Most decidedly a he. And, most decidedly a young he. And, most decidedly a swarthy young he. It is for our failures to openly practice such profiling as a viable means of terror enforcement, at least as it pertains to the largely-symbolic act of airport security, that I offer my contempt. I do believe its intention is just to make white people feel safe. Every time the news reports on an individual who agrees with such measures it is always either an old white woman or a middle-aged white woman. "I feel safer knowing the terrorists are now leaving their bombs at home" they say.

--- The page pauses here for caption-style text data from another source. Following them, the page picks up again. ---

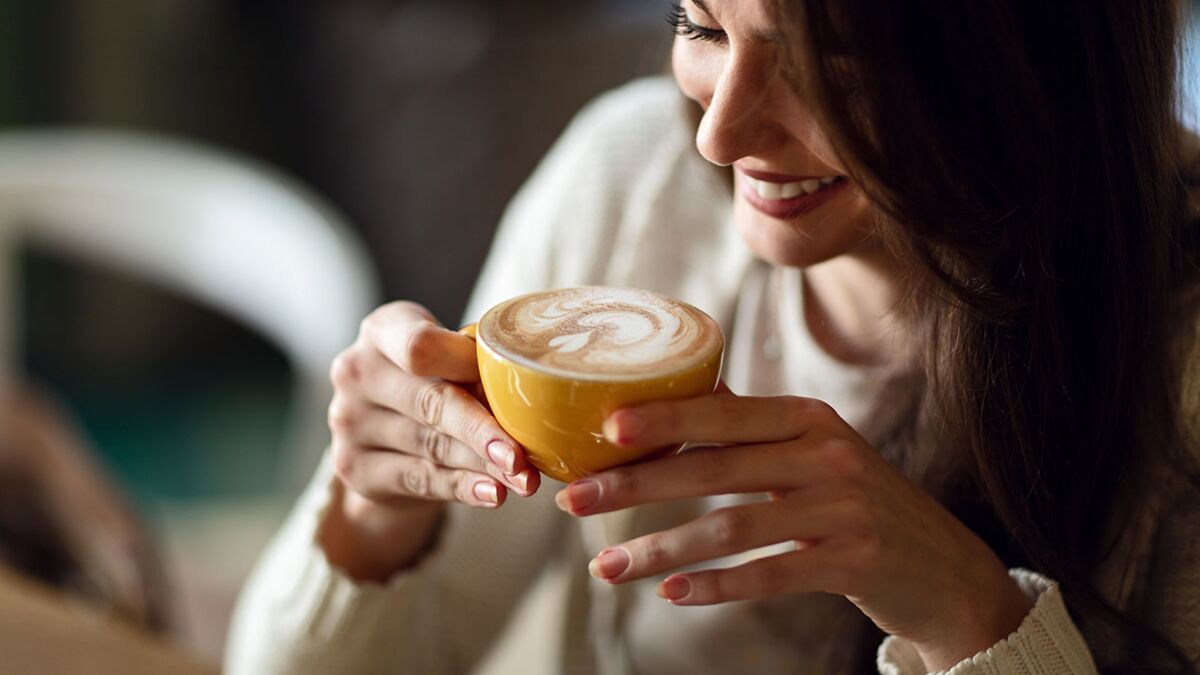 Marre du café en dosette ? Offrez-vous cette machine à café broyeur à grains  De'Longhi pour moins de 300€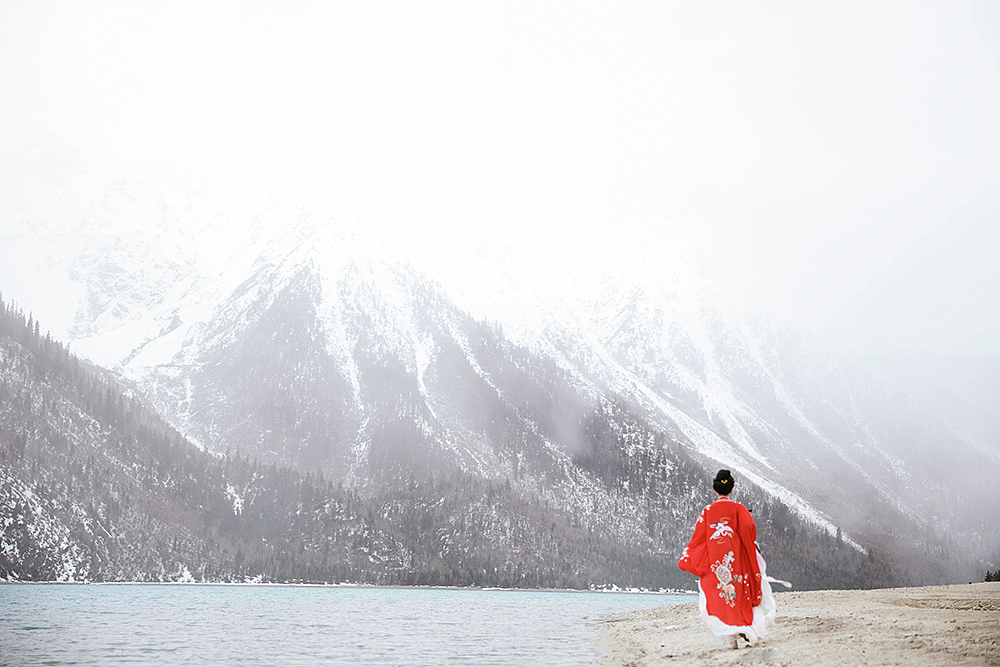 羊湖颂（图ZMTQzODM2MzYw） - 人像摄影 - 站酷设计师琥珀zxt原创素材 - 站酷ZCOOL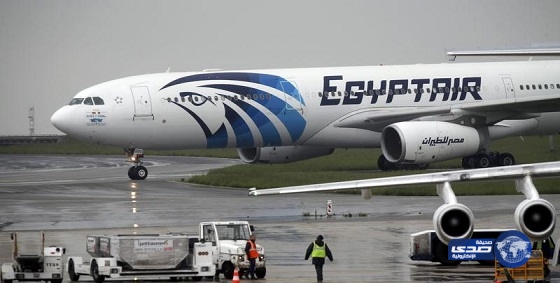 مصر تسابق الزمن للعثور على الصندوق الأسود للطائرة المنكوبة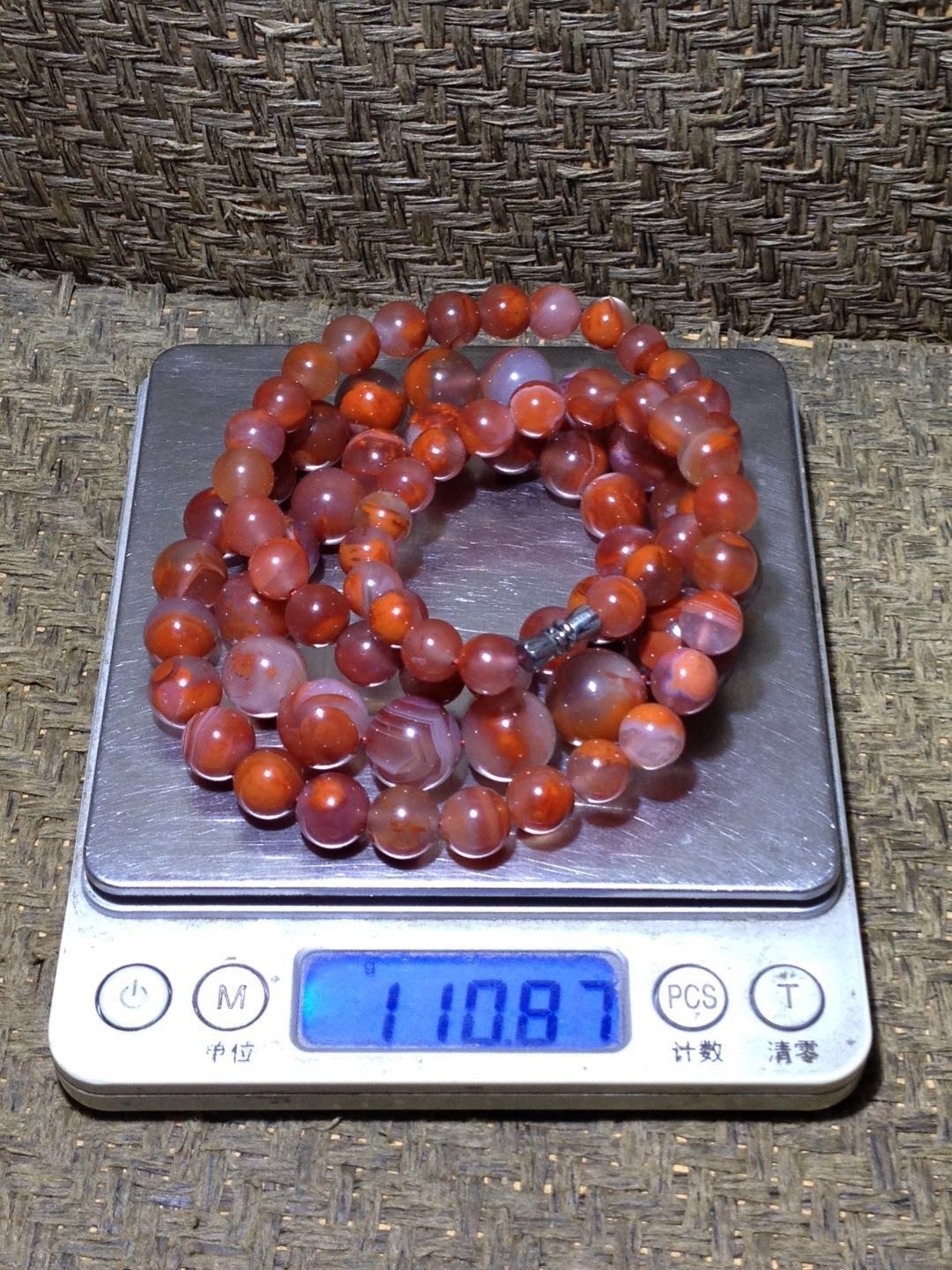 川料南红玛瑙冰飘火焰纹塔链(锁骨链)一条，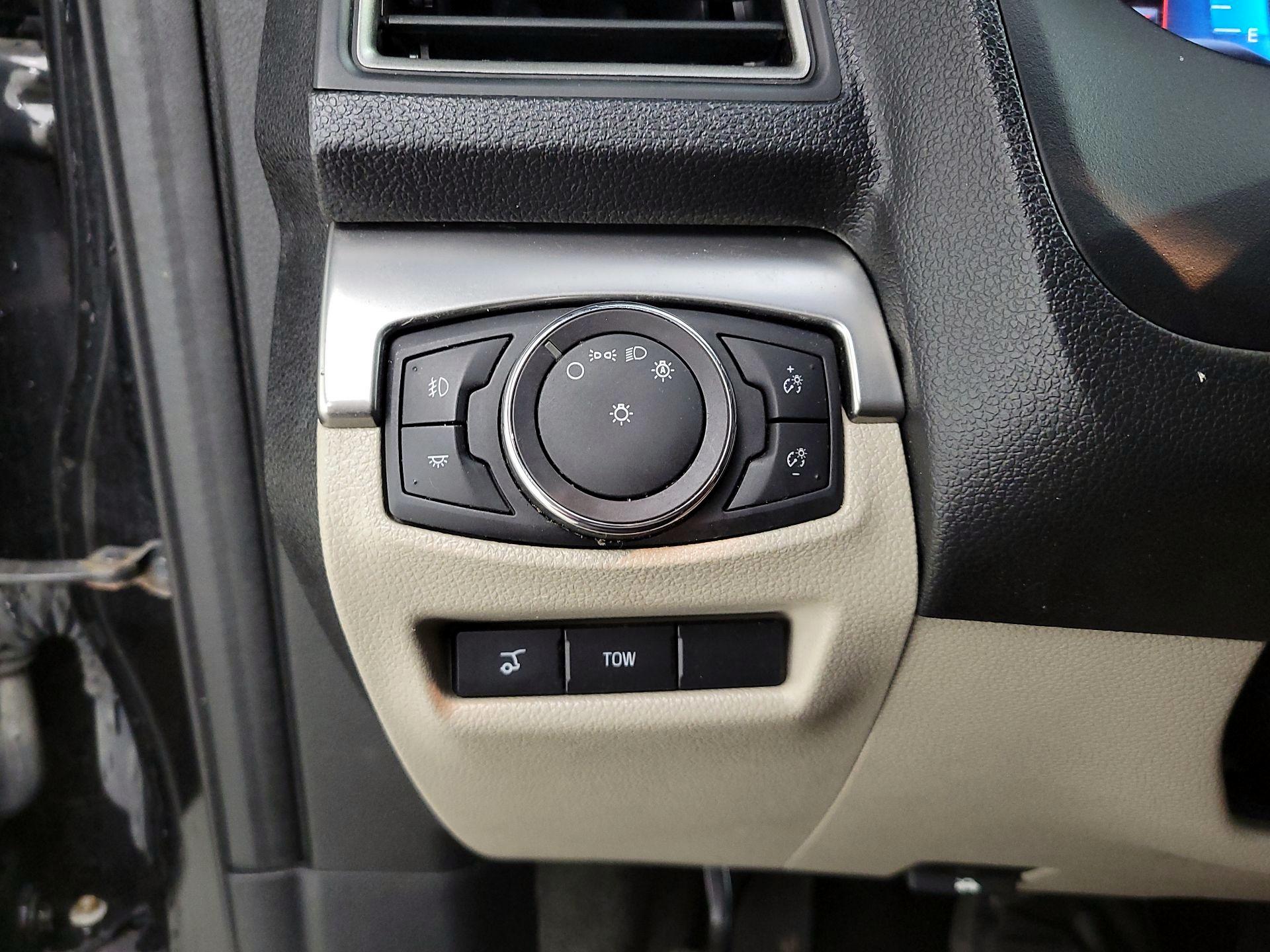 Thumbnail: 2018 Ford Explorer - 13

Remember boarding a Southwest flight from Burbank to Sacramento in 1998 and having to answer the "three big questions?" Imagine that today:

One -- Did you pack your bags yourself?

"No. My wife packed my bags. I was too busy fuckering around on your website trying to print out our boarding passes that you used to do for us passengers twenty years ago. No. I get the enjoyment of being rejected because it's 10:22AM and the flight is at 10:25AM tomorrow and for "reasons of national security" I can't print this fucking thing out more than a day in advance. You used to send them to me in the mail six weeks before my flight...now I'll be charged five bucks if I ask you at the counter."

Two -- Did anyone unknown to you ask you to carry anything on board the plane?

"My Muslim Bengali co-worker did indeed! ask me to carry a package to our associates in the southland, and I did indeed! find it somewhat odd with its plain brown wrapping and that older model cellularized telephone fastened to its side...but what, exactly, is an unknown person? Surely everyone is known to someone. He's a known person -- as are all the 6.9 billion others on this planet. So no."

Three -- Have your bags been out of your possession since you've packed them?

"Yes. After my business travel we vacationed on the fabulous Carnival Splendor cruise ship, where we just disembarked for my return flight home and where I left my bags out in the #3 hallway unattended for several hours. They were hastily loaded into my trunk by three swarthy 26-year old bearded men who were clearly Carnival employees -- in fact, I remember their names: Chad, Jordan and Al Bania -- it was clear as day on their nametags. I remember, because they refused my tip. I always remember the tip refusalists so I can find them again on my next trip..."

2 comments:

rockridgeranch said...

Fun read. I think the sign on your luggage should also be in black on a yellow reflective background in a diamond shape and placed on your lawn occasionally.

Insania said...

Placed on the lawn for all our real domestic terrorists -- the neighbors of mine who routinely race around the "Frye Creek Motorway" like it's their own NASCAR oval.